• Entries shown
▼▼▼
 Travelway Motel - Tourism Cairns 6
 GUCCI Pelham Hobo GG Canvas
▲▲▲
▼▼▼
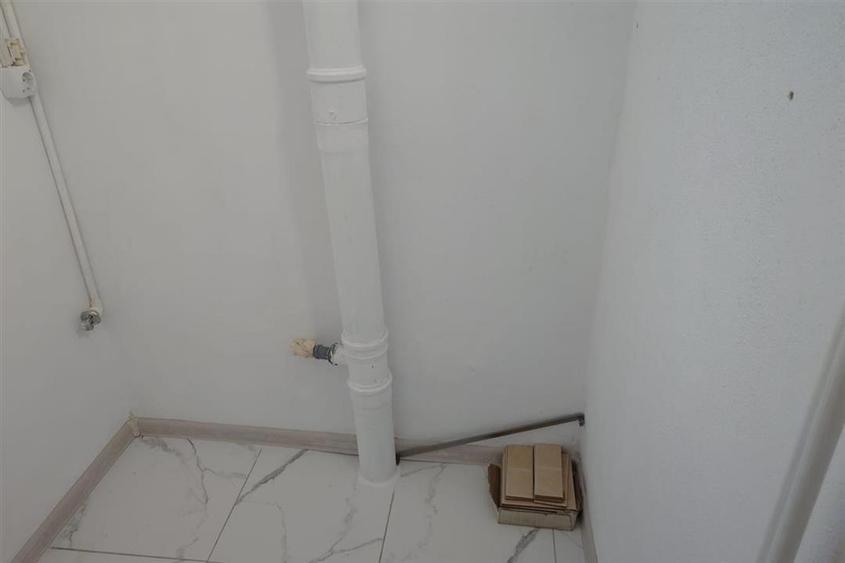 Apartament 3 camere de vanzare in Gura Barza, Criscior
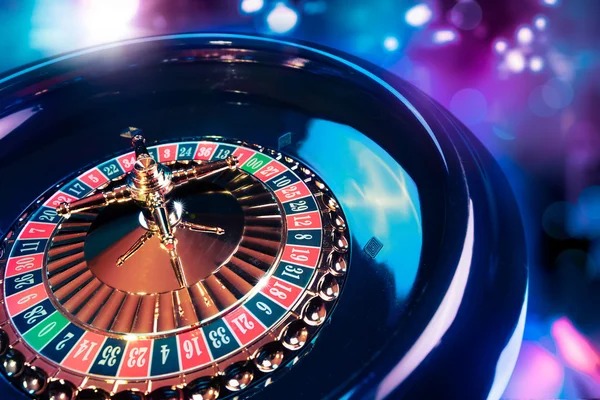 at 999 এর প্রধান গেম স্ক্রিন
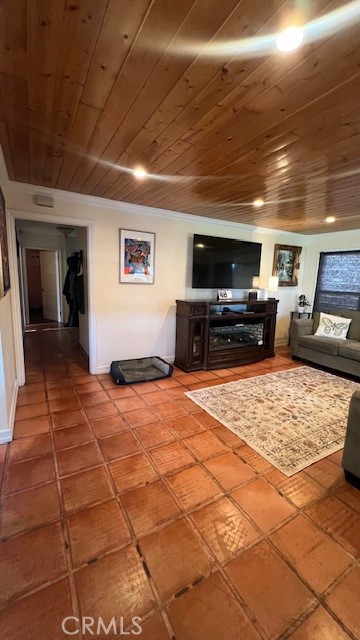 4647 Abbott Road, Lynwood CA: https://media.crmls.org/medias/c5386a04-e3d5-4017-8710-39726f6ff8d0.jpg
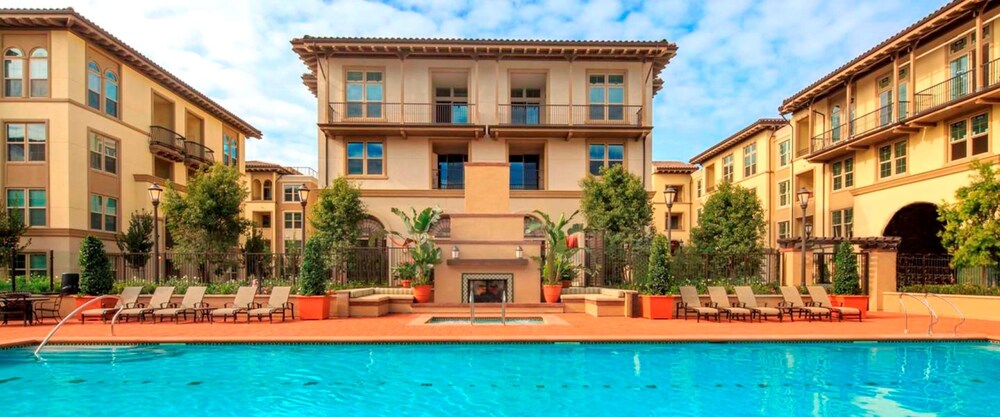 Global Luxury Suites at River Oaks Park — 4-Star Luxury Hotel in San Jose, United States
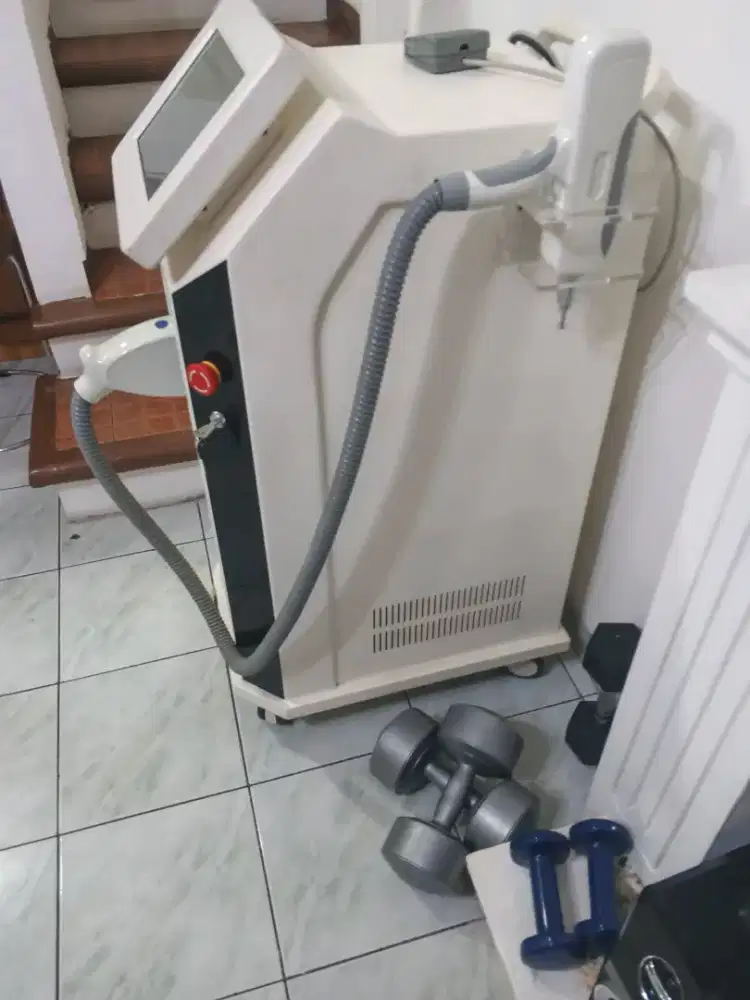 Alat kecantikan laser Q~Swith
▲▲▲
▼▼▼
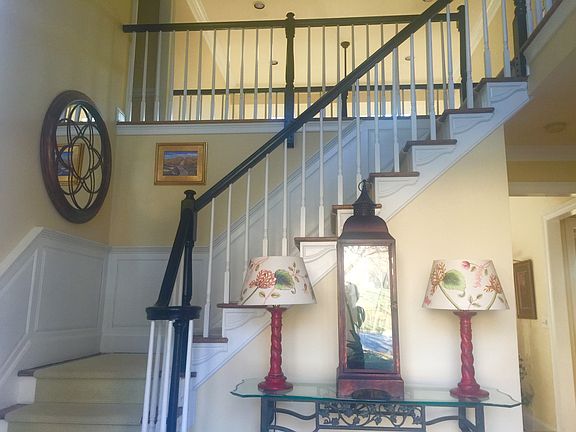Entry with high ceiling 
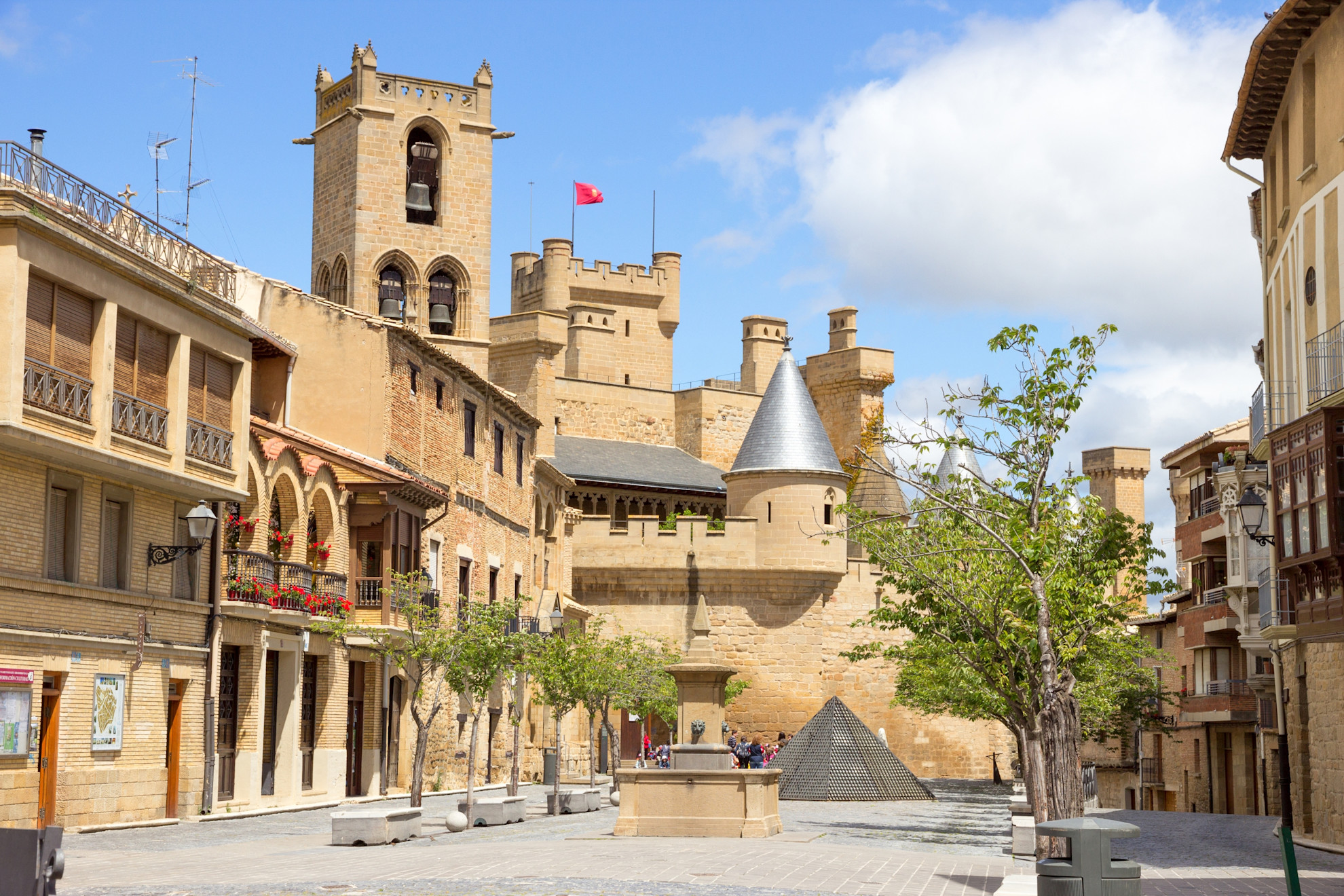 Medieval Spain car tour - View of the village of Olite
▲▲▲
• Try it
Look back at the data above. Transcribe exactly the lines starting at the line that contains "Travelway Motel - Tourism Cairns 6" and ending at the line that contains "GUCCI Pelham Hobo GG Canvas".

• The answer
 Travelway Motel - Tourism Cairns 6
 GUCCI Pelham Hobo GG Canvas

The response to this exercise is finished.